= Task instructions =
Nothing but the lines from the start of the records below through the line that has "Disclaimer T-Shirt Girocollo" should appear, each exactly as given.

Records from a dataset:
----------------------------------------

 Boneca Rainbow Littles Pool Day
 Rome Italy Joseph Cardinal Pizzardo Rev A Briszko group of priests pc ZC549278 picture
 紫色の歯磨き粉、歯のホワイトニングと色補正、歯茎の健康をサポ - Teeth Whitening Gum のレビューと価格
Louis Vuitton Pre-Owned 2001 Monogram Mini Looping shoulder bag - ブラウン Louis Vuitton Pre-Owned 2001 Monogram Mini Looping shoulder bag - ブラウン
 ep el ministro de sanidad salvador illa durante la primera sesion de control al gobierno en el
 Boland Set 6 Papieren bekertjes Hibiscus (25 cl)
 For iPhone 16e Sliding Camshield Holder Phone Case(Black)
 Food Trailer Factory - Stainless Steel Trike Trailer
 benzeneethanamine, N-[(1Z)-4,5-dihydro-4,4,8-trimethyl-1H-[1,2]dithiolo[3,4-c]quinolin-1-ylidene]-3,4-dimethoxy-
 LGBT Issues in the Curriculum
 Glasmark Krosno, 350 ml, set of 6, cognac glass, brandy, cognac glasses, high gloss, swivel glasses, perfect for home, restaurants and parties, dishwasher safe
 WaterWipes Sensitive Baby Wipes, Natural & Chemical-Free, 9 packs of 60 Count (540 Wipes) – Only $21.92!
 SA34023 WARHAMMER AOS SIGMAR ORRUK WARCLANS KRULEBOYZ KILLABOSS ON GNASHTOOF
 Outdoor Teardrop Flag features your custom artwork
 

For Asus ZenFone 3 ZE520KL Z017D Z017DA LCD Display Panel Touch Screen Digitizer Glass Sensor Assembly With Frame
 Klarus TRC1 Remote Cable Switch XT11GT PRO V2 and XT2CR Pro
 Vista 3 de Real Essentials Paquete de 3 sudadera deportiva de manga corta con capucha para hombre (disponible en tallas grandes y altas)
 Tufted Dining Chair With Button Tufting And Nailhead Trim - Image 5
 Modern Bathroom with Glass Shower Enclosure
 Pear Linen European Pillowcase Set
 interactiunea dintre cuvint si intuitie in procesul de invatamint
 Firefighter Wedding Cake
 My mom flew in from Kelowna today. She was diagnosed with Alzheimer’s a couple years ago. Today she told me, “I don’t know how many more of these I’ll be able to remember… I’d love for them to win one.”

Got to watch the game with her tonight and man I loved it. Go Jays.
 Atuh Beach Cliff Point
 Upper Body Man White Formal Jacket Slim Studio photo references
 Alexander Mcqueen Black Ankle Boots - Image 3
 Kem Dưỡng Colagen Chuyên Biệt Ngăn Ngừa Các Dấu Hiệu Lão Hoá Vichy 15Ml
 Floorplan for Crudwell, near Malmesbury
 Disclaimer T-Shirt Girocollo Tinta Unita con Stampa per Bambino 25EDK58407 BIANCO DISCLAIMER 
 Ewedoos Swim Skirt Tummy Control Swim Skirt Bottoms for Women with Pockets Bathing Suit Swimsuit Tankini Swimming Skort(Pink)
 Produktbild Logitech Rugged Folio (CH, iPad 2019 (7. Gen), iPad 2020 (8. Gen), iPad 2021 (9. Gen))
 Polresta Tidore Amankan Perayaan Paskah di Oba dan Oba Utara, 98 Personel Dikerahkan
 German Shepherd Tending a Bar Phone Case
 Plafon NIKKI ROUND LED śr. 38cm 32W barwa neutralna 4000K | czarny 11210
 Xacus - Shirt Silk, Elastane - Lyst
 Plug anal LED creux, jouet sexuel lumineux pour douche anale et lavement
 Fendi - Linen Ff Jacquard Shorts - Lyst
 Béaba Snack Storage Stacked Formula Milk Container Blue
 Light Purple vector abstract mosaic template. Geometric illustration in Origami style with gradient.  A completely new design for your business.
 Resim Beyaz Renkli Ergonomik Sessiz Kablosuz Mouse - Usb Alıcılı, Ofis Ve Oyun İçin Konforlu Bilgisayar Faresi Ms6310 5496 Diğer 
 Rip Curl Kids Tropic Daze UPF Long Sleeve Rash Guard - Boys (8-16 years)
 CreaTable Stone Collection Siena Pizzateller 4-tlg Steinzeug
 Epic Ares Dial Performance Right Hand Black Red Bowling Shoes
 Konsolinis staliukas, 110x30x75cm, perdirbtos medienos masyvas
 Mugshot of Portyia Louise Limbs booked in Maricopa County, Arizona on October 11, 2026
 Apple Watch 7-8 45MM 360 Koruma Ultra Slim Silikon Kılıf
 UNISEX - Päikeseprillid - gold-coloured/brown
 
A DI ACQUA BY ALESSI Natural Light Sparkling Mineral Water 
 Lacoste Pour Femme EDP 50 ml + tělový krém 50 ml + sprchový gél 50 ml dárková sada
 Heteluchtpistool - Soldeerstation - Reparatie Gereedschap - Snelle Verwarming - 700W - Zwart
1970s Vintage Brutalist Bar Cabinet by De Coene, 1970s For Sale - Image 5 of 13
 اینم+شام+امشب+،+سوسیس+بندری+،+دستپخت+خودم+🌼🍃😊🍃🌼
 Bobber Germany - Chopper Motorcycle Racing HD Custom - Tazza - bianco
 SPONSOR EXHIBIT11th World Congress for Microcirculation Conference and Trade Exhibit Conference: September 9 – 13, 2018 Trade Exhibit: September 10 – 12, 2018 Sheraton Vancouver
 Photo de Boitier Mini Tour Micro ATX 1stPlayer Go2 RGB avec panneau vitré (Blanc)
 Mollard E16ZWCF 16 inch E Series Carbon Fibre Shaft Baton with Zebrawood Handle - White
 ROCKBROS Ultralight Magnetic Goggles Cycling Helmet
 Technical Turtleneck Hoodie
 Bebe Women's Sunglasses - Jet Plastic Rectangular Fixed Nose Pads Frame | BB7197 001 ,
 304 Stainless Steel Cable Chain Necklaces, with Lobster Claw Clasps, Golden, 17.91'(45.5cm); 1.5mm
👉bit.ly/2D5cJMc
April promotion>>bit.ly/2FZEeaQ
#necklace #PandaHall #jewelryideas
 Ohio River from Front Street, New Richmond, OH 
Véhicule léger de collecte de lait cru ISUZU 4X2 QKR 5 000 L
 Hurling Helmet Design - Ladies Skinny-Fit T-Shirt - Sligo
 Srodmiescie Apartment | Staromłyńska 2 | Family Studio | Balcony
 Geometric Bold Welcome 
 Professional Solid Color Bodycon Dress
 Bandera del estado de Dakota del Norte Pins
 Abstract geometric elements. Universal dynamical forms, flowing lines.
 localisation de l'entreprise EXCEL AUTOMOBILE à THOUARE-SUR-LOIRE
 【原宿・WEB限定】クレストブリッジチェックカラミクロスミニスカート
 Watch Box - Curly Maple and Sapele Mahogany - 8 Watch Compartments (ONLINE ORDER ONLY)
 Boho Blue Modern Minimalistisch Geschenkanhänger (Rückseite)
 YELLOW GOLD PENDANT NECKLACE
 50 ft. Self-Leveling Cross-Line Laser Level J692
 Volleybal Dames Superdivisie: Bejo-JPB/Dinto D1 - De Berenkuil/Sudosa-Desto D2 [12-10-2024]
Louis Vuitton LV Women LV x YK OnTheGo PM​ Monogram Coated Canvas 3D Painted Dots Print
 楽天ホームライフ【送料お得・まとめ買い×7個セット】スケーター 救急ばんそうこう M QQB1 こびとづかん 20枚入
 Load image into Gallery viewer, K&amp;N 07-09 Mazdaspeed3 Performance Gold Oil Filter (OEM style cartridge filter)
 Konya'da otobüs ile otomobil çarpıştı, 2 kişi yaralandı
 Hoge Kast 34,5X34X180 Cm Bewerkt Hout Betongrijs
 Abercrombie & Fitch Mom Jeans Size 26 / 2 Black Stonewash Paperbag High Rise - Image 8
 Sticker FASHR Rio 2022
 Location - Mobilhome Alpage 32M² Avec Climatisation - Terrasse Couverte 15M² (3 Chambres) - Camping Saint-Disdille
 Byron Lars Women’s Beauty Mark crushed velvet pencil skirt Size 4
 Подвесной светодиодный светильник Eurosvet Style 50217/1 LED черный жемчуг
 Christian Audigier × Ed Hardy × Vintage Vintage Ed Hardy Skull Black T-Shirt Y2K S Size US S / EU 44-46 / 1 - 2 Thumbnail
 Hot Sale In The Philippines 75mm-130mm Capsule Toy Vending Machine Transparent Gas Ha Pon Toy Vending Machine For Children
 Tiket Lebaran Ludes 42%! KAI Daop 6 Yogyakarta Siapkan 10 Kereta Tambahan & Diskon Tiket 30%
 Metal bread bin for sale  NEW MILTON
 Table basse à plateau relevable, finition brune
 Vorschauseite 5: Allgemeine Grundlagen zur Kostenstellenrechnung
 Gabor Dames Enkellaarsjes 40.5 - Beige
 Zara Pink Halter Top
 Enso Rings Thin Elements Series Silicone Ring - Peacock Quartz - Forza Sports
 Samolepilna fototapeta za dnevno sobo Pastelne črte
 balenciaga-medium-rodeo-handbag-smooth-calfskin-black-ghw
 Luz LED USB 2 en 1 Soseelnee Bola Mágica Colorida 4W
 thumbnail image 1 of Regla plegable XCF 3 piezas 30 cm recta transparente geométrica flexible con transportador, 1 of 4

----------------------------------------

= Solved exercise =
 Boneca Rainbow Littles Pool Day
 Rome Italy Joseph Cardinal Pizzardo Rev A Briszko group of priests pc ZC549278 picture
 紫色の歯磨き粉、歯のホワイトニングと色補正、歯茎の健康をサポ - Teeth Whitening Gum のレビューと価格
Louis Vuitton Pre-Owned 2001 Monogram Mini Looping shoulder bag - ブラウン Louis Vuitton Pre-Owned 2001 Monogram Mini Looping shoulder bag - ブラウン
 ep el ministro de sanidad salvador illa durante la primera sesion de control al gobierno en el
 Boland Set 6 Papieren bekertjes Hibiscus (25 cl)
 For iPhone 16e Sliding Camshield Holder Phone Case(Black)
 Food Trailer Factory - Stainless Steel Trike Trailer
 benzeneethanamine, N-[(1Z)-4,5-dihydro-4,4,8-trimethyl-1H-[1,2]dithiolo[3,4-c]quinolin-1-ylidene]-3,4-dimethoxy-
 LGBT Issues in the Curriculum
 Glasmark Krosno, 350 ml, set of 6, cognac glass, brandy, cognac glasses, high gloss, swivel glasses, perfect for home, restaurants and parties, dishwasher safe
 WaterWipes Sensitive Baby Wipes, Natural & Chemical-Free, 9 packs of 60 Count (540 Wipes) – Only $21.92!
 SA34023 WARHAMMER AOS SIGMAR ORRUK WARCLANS KRULEBOYZ KILLABOSS ON GNASHTOOF
 Outdoor Teardrop Flag features your custom artwork
 

For Asus ZenFone 3 ZE520KL Z017D Z017DA LCD Display Panel Touch Screen Digitizer Glass Sensor Assembly With Frame
 Klarus TRC1 Remote Cable Switch XT11GT PRO V2 and XT2CR Pro
 Vista 3 de Real Essentials Paquete de 3 sudadera deportiva de manga corta con capucha para hombre (disponible en tallas grandes y altas)
 Tufted Dining Chair With Button Tufting And Nailhead Trim - Image 5
 Modern Bathroom with Glass Shower Enclosure
 Pear Linen European Pillowcase Set
 interactiunea dintre cuvint si intuitie in procesul de invatamint
 Firefighter Wedding Cake
 My mom flew in from Kelowna today. She was diagnosed with Alzheimer’s a couple years ago. Today she told me, “I don’t know how many more of these I’ll be able to remember… I’d love for them to win one.”

Got to watch the game with her tonight and man I loved it. Go Jays.
 Atuh Beach Cliff Point
 Upper Body Man White Formal Jacket Slim Studio photo references
 Alexander Mcqueen Black Ankle Boots - Image 3
 Kem Dưỡng Colagen Chuyên Biệt Ngăn Ngừa Các Dấu Hiệu Lão Hoá Vichy 15Ml
 Floorplan for Crudwell, near Malmesbury
 Disclaimer T-Shirt Girocollo Tinta Unita con Stampa per Bambino 25EDK58407 BIANCO DISCLAIMER 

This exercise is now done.